Perchafta hatte sie aus großen Augen überrascht angeschaut: »Woher weißt du von den Siegeln, Nikita?«
»Keine Ahnung, ich weiß es nicht, Perchafta, die Frage kam von irgendwo tief aus meinem Inneren – ich musste sie einfach stellen. Ich dachte an euer Buch Balgamon und die geheimen Schriftzeichen, an den Code mit dem man sie entschlüsseln kann und diesen Rat der Weisen ... von all dem hast du uns erzählt ... vor ein paar Tagen im Höhleneingang.«
Perchafta hatte sich schnell gefasst und war fast wieder die Ruhe selbst. »Lass uns von etwas anderem reden«, hatte er dann gesagt. »Ihr dürft niemandem, wirklich niemandem den Zugang zu diesem Tal verraten, hört ihr?
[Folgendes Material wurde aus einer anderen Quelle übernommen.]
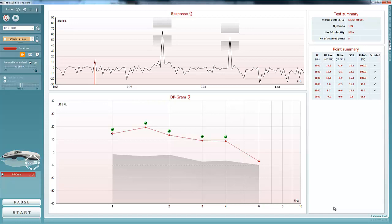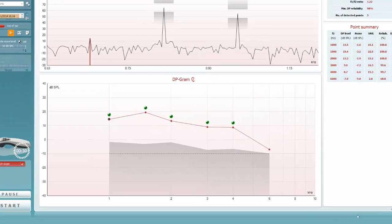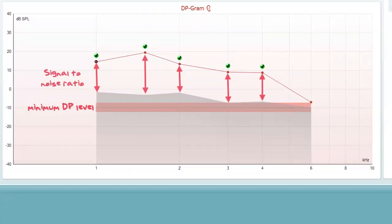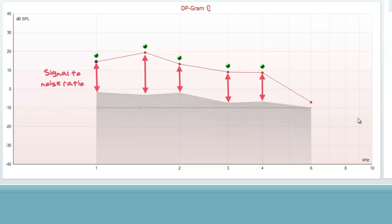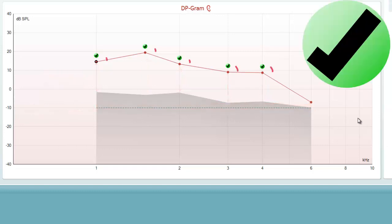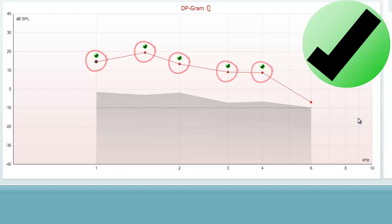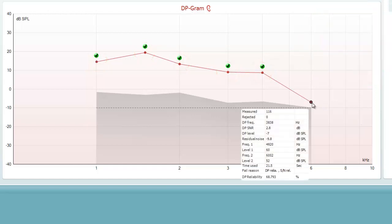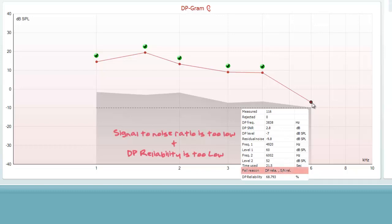The DP gram displays the OAE data graphically and shows the minimum DP level as well as a signal-to-noise ratio. A green check will appear above each frequency if the pass criteria are met. If this does not appear, then hovering over the point will show the numerical data associated with the point. At the bottom of this information, the failure reason is mentioned.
Ich könnte euch dann nicht mehr schützen. Ich könnte niemanden schützen, der sich Zugang zu den Höhlen verschaffen wollte ... und wenn dadurch die Siegel erwachen würden ... da endet meine Macht«, Perchaftas Stimme war jetzt leise, aber umso eindringlicher. »Versprecht mir das!«
»Wir versprechen es«, hatten beide wie aus einem Munde geantwortet und Effel hatte gefragt: »Was sollen wir denn den Leuten sagen? Jeder wird den Weg hierher wissen wollen. Sie werden fragen, wie und wo wir uns getroffen haben. Ich muss dem Ältestenrat Bericht erstatten. Sie haben mich ausgesandt, unseren Feind aufzuhalten«, dabei deutete er lächelnd auf Nikita. »Ich kann und will weder Mindevol noch den Ältestenrat belügen ... Mindevol würde es sowieso gleich bemerken.«
»Niemand«, hatte Perchafta wieder ernst das Wort ergriffen, »niemand darf je erfahren, wo der Eingang zu diesem Tal und den Höhlen ist. Alles andere dürft ihr erzählen.«
Die Art, wie Perchafta das sagte, ließ die beiden nach ihrem Versprechen gleich das Thema wechseln und sie hatten den Eindruck, als wenn der kleine Krull an diesem Tag nicht mehr zu seiner gewohnten Lockerheit zurückfand.
An anderen Abenden hatten sie dann, meist Hand in Hand, vor dem Zelt gesessen, einen schweren, süßen Wein aus großen kristallenen Gläsern genossen und den Zikaden und dem Nachtvogel gelauscht, der klagend seine eintönigen Weisen durch das Tal schickte. Sie waren stets von den Emurks bewacht worden, die auf Bitten der Krulls unsichtbar geblieben waren und nebenbei mit ihrer eigenen Abreise und dem bevorstehenden Fest ihre Arbeit gehabt hatten.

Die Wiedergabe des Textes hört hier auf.